• Work order: Given the entries below, copy each of them out exactly.

(Crawled caption data)

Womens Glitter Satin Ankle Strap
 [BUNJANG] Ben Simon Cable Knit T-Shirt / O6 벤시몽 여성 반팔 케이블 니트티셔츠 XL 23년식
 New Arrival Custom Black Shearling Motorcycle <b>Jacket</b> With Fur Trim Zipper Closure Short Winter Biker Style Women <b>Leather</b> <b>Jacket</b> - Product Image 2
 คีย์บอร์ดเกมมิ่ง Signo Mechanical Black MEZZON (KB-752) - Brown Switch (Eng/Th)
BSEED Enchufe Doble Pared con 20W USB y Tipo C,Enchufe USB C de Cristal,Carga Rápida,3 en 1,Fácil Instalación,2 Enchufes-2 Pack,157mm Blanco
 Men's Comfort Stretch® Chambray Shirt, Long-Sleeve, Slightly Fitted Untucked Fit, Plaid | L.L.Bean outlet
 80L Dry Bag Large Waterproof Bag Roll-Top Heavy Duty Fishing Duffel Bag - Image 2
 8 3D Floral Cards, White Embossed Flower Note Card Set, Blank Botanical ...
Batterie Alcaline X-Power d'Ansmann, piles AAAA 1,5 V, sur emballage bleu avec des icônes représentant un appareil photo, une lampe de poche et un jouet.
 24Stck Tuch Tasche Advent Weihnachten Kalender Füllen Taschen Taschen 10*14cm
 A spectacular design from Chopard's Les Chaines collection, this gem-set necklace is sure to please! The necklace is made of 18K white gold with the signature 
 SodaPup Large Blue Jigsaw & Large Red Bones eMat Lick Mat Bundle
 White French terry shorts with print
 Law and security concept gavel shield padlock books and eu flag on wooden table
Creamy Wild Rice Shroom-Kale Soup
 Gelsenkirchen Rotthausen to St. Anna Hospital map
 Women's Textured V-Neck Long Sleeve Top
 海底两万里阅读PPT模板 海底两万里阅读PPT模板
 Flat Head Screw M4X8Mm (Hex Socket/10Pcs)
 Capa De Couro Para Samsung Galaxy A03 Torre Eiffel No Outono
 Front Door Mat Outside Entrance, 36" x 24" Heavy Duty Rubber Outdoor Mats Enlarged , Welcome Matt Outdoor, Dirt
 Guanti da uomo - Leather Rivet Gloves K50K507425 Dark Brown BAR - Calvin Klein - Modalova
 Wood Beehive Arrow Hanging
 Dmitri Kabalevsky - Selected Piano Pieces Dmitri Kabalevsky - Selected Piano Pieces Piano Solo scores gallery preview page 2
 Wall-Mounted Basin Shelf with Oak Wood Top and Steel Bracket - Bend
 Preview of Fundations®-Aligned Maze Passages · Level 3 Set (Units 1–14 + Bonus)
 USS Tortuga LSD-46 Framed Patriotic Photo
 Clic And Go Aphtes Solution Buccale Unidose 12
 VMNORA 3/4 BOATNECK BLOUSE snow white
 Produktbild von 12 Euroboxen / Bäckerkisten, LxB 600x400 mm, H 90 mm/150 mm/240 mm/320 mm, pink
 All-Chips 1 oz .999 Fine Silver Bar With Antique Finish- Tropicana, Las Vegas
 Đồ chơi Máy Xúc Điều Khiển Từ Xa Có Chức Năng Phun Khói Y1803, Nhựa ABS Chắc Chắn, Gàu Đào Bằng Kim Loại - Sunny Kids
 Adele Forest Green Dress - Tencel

• Result for this task:
Womens Glitter Satin Ankle Strap
 [BUNJANG] Ben Simon Cable Knit T-Shirt / O6 벤시몽 여성 반팔 케이블 니트티셔츠 XL 23년식
 New Arrival Custom Black Shearling Motorcycle <b>Jacket</b> With Fur Trim Zipper Closure Short Winter Biker Style Women <b>Leather</b> <b>Jacket</b> - Product Image 2
 คีย์บอร์ดเกมมิ่ง Signo Mechanical Black MEZZON (KB-752) - Brown Switch (Eng/Th)
BSEED Enchufe Doble Pared con 20W USB y Tipo C,Enchufe USB C de Cristal,Carga Rápida,3 en 1,Fácil Instalación,2 Enchufes-2 Pack,157mm Blanco
 Men's Comfort Stretch® Chambray Shirt, Long-Sleeve, Slightly Fitted Untucked Fit, Plaid | L.L.Bean outlet
 80L Dry Bag Large Waterproof Bag Roll-Top Heavy Duty Fishing Duffel Bag - Image 2
 8 3D Floral Cards, White Embossed Flower Note Card Set, Blank Botanical ...
Batterie Alcaline X-Power d'Ansmann, piles AAAA 1,5 V, sur emballage bleu avec des icônes représentant un appareil photo, une lampe de poche et un jouet.
 24Stck Tuch Tasche Advent Weihnachten Kalender Füllen Taschen Taschen 10*14cm
 A spectacular design from Chopard's Les Chaines collection, this gem-set necklace is sure to please! The necklace is made of 18K white gold with the signature 
 SodaPup Large Blue Jigsaw & Large Red Bones eMat Lick Mat Bundle
 White French terry shorts with print
 Law and security concept gavel shield padlock books and eu flag on wooden table
Creamy Wild Rice Shroom-Kale Soup
 Gelsenkirchen Rotthausen to St. Anna Hospital map
 Women's Textured V-Neck Long Sleeve Top
 海底两万里阅读PPT模板 海底两万里阅读PPT模板
 Flat Head Screw M4X8Mm (Hex Socket/10Pcs)
 Capa De Couro Para Samsung Galaxy A03 Torre Eiffel No Outono
 Front Door Mat Outside Entrance, 36" x 24" Heavy Duty Rubber Outdoor Mats Enlarged , Welcome Matt Outdoor, Dirt
 Guanti da uomo - Leather Rivet Gloves K50K507425 Dark Brown BAR - Calvin Klein - Modalova
 Wood Beehive Arrow Hanging
 Dmitri Kabalevsky - Selected Piano Pieces Dmitri Kabalevsky - Selected Piano Pieces Piano Solo scores gallery preview page 2
 Wall-Mounted Basin Shelf with Oak Wood Top and Steel Bracket - Bend
 Preview of Fundations®-Aligned Maze Passages · Level 3 Set (Units 1–14 + Bonus)
 USS Tortuga LSD-46 Framed Patriotic Photo
 Clic And Go Aphtes Solution Buccale Unidose 12
 VMNORA 3/4 BOATNECK BLOUSE snow white
 Produktbild von 12 Euroboxen / Bäckerkisten, LxB 600x400 mm, H 90 mm/150 mm/240 mm/320 mm, pink
 All-Chips 1 oz .999 Fine Silver Bar With Antique Finish- Tropicana, Las Vegas
 Đồ chơi Máy Xúc Điều Khiển Từ Xa Có Chức Năng Phun Khói Y1803, Nhựa ABS Chắc Chắn, Gàu Đào Bằng Kim Loại - Sunny Kids
 Adele Forest Green Dress - Tencel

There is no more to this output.